#### [About this exercise]
Here are the records. Write out exactly the lines between the one holding "Sticker Rond Dans" and the one holding "Industrial Chic 70-inch", inclusive.

#### [Input material]
--------------------------------

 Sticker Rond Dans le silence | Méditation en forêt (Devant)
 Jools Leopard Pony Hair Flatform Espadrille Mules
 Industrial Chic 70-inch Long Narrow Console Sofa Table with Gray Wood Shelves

--------------------------------

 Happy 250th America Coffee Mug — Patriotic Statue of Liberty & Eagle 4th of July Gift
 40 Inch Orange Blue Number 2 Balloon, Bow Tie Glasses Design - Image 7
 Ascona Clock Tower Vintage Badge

--------------------------------

#### [Task answer]
 Sticker Rond Dans le silence | Méditation en forêt (Devant)
 Jools Leopard Pony Hair Flatform Espadrille Mules
 Industrial Chic 70-inch Long Narrow Console Sofa Table with Gray Wood Shelves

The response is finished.